Antonio De Teffè, unrasiert und wortkarg, fällt dabei übrigens positiv auf, sucht noch etwas nach seinem eigenen Stil, ähnelt jedoch besonders in der zweiten Hälfte dank seiner malträtierten Visage wirklich sehr Clint Eastwood, dem bekanntlich ähnliches Schicksal in „Für eine Handvoll Dollar“ widerfuhr. Dezente Parallelen sind zu entdecken, „Eine Bahre für den Sheriff“ entpuppt sich aber keinesfalls als simples Plagiat.
Recht genüsslich gibt Eduardo Fajardo („Es geht um deinen Kopf, Amigo“, „Mercenario – Der Gefürchtete“) dazu in einer Nebenrolle den auffallend sadistischen, brutalen Kotzbrocken Russell Murdock, dem später noch mehr Bedeutung zukommen soll. Der Rest vom Fest fällt weniger auf.
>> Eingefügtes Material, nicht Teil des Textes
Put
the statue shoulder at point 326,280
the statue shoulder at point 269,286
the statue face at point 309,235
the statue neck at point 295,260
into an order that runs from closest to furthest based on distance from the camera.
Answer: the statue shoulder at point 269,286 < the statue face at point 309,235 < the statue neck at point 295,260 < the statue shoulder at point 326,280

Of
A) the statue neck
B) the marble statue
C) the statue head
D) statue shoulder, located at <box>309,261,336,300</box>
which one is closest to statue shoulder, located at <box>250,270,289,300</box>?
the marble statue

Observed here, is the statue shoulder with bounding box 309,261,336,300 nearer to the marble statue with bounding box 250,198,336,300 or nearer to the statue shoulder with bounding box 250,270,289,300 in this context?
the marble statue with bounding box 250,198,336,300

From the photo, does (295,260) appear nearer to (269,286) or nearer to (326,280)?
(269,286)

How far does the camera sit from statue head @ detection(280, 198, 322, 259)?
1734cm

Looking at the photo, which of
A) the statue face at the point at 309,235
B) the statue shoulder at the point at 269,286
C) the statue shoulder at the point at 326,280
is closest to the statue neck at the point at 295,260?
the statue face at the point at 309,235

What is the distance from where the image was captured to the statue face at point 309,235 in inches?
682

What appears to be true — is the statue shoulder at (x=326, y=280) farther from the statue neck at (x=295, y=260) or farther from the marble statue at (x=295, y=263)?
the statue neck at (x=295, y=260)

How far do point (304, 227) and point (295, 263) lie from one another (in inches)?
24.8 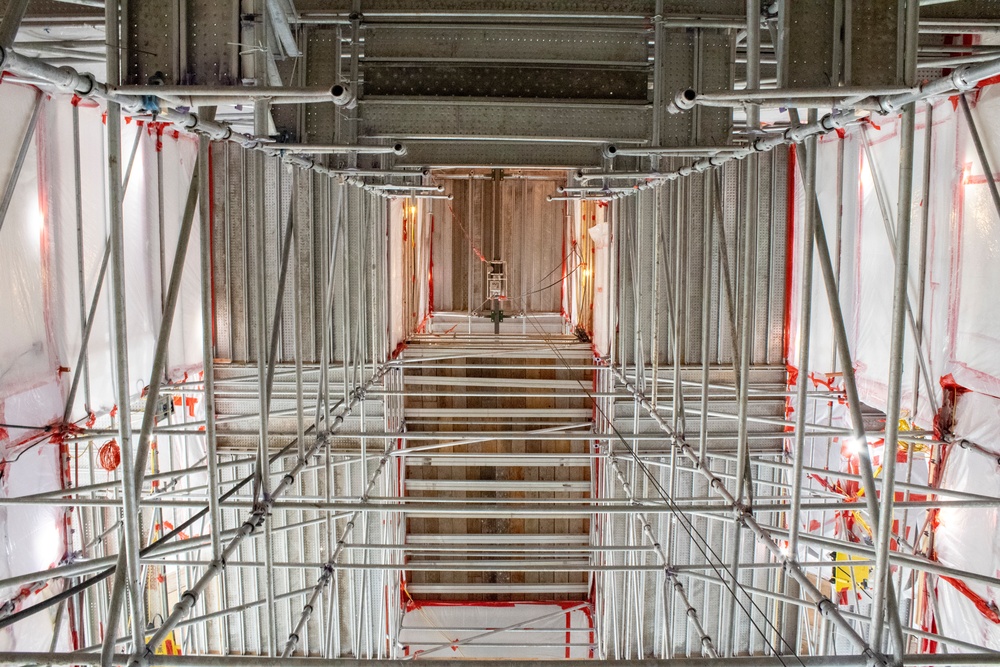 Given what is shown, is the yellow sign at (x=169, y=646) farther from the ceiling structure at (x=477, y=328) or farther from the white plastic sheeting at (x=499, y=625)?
the white plastic sheeting at (x=499, y=625)

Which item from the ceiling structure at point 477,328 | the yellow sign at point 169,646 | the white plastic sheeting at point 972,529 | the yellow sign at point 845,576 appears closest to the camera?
the ceiling structure at point 477,328

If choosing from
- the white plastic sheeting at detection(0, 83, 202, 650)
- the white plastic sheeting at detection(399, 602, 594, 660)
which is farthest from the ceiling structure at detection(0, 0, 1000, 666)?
the white plastic sheeting at detection(0, 83, 202, 650)

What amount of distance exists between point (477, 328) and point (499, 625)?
6.94 meters

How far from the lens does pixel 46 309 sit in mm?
6820

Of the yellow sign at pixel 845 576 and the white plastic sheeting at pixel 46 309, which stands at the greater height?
the white plastic sheeting at pixel 46 309

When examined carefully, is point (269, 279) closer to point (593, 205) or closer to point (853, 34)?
point (593, 205)

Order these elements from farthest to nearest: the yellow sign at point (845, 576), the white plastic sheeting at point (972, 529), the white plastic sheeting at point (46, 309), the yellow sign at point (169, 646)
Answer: the yellow sign at point (169, 646)
the yellow sign at point (845, 576)
the white plastic sheeting at point (46, 309)
the white plastic sheeting at point (972, 529)

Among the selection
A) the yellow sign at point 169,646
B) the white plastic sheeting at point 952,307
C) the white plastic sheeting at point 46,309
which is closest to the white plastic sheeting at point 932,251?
the white plastic sheeting at point 952,307

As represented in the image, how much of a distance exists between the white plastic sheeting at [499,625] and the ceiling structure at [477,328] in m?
0.07

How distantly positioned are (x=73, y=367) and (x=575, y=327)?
9869mm

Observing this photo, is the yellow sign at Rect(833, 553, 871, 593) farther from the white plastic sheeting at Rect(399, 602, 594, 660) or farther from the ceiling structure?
the white plastic sheeting at Rect(399, 602, 594, 660)

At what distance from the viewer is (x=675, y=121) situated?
6543mm

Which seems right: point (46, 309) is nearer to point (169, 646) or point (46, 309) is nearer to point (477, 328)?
point (169, 646)

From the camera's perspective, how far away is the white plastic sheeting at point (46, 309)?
247 inches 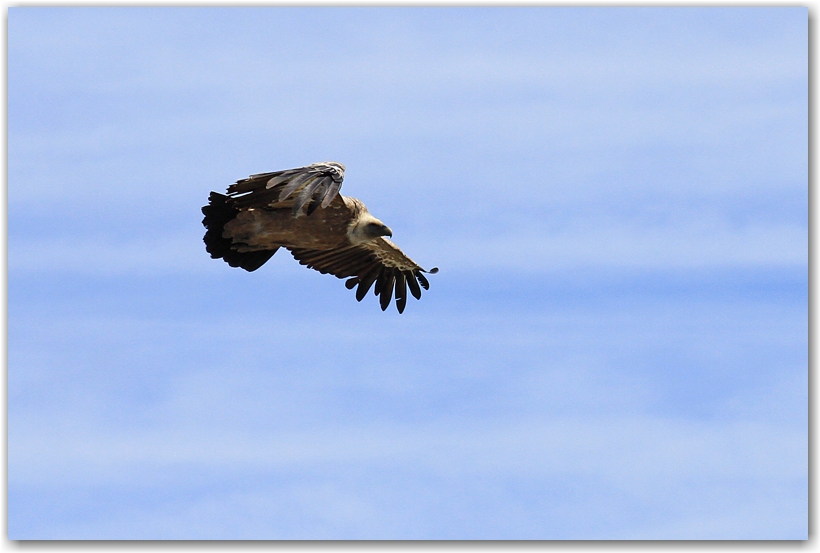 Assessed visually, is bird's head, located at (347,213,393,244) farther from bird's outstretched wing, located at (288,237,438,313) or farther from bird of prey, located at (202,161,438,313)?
bird's outstretched wing, located at (288,237,438,313)

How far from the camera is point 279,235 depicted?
19.3 metres

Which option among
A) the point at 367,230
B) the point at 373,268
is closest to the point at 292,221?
the point at 367,230

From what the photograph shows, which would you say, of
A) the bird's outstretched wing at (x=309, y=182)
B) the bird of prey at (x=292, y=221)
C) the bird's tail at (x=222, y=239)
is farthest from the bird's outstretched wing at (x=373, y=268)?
the bird's outstretched wing at (x=309, y=182)

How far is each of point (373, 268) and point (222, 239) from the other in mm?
3088

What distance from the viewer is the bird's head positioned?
1958 cm

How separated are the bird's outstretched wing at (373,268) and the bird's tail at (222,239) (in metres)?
1.16

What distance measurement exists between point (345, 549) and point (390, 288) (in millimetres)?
6201

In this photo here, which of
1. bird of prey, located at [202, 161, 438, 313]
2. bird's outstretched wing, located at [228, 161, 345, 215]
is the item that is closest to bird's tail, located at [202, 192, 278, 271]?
bird of prey, located at [202, 161, 438, 313]

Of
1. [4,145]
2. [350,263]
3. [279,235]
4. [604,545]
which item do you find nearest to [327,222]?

In der zweiten Hälfte verbessert sich der Italowestern hingegen merklich. Der Plot wird interessanter und hält ein paar Überraschungen bereit, aber auch Shenandoah muss aktiver werden, um seinen alten Bekannten, den Farmer Wilson (George Rigaud, „Ein Halleluja für Spiro Santo“), vor einem Angriff der Banditen zu warnen, und bewegt sich dabei auf Messers Schneide, weil er ständig Gefahr läuft enttarnt zu werden. Seine neuen Kollegen sind ihm gegenüber ohnehin misstrauisch.
Groß angelegte Schießereien häufen sich, sind allerdings weiterhin wenig prickelnd umgesetzt. Für Shenandoah wird die Luft aber schließlich so dünn, dass „Eine Bahre für den Sheriff“ alle Vorbehalte fallen und im letzten Drittel dem Racheplot freien Lauf lässt. Die bereits übel zugerichtete Hauptfigur legt bei erstbester Gelegenheit auch gleich los, um seinen Rachedurst zu stillen. Der hastige Showdown beeilt sich ziemlich ungeschickt die etwas markanteren Banditen möglichst fix um die Ecke zu bringen und selbst das finale Duell gereicht nicht zum spannungsgeladenen Hochgefühl, zeigt aber wie Shenandoah fast schon genießerisch die letzte Rechnung begleicht.
Als herrlich symbolisch erweist sich danach seine abschließende Geste, die Entledigung seines Sheriff-Sterns in der Pferdetränke, bevor er wieder allein von dannen reitet.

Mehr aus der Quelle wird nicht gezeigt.